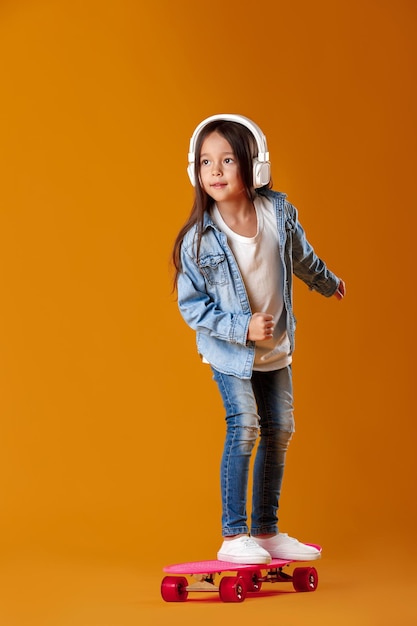 Stylish little child girl in headphones with skateboard in jeans clothes on orange background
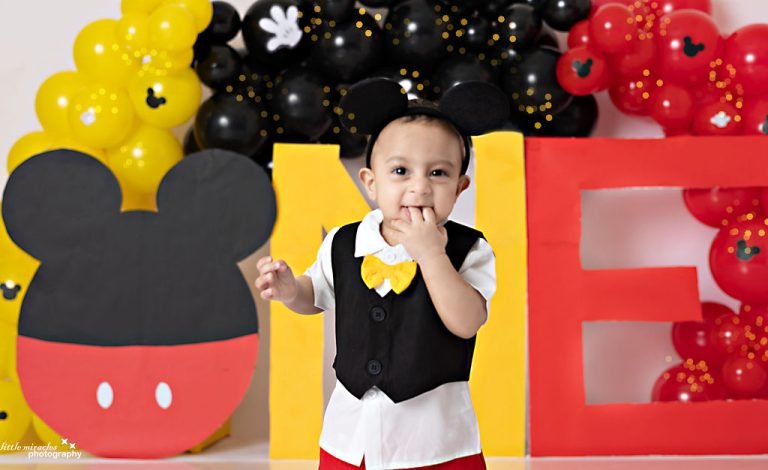 One-year-old boy in a waistcoat and bow tie at a Mickey Mouse "ONE" balloon setup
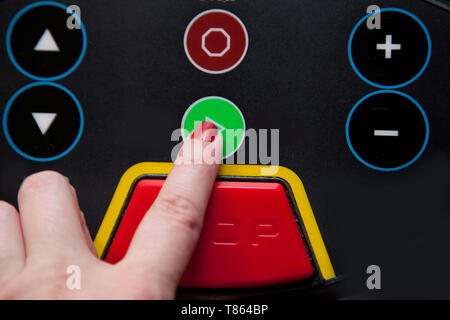 Mano spinge verso il verde 'go' pulsante su un tapis roulant, pronto per essere eseguito Foto Stock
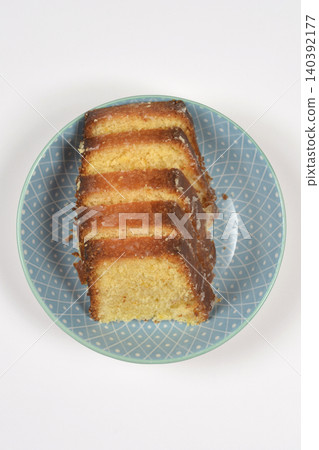 Top view of glazed lemon pound cake slices in a blue bowl 140392177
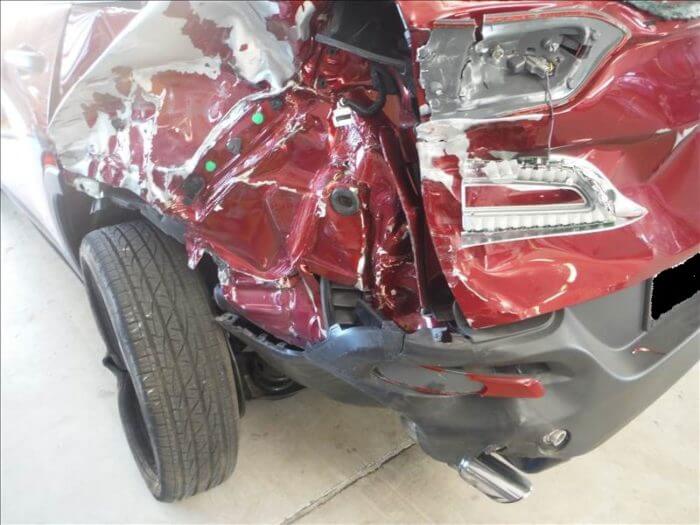 Before repair of a red car with major rear bumper and trunk damage.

============================================================

• _The problem_
All records above need to be returned exactly. Omit the pictures.

• _Output for this exercise_
 Stylish little child girl in headphones with skateboard in jeans clothes on orange background
 One-year-old boy in a waistcoat and bow tie at a Mickey Mouse "ONE" balloon setup
 Mano spinge verso il verde 'go' pulsante su un tapis roulant, pronto per essere eseguito Foto Stock
 Top view of glazed lemon pound cake slices in a blue bowl 140392177
 Before repair of a red car with major rear bumper and trunk damage.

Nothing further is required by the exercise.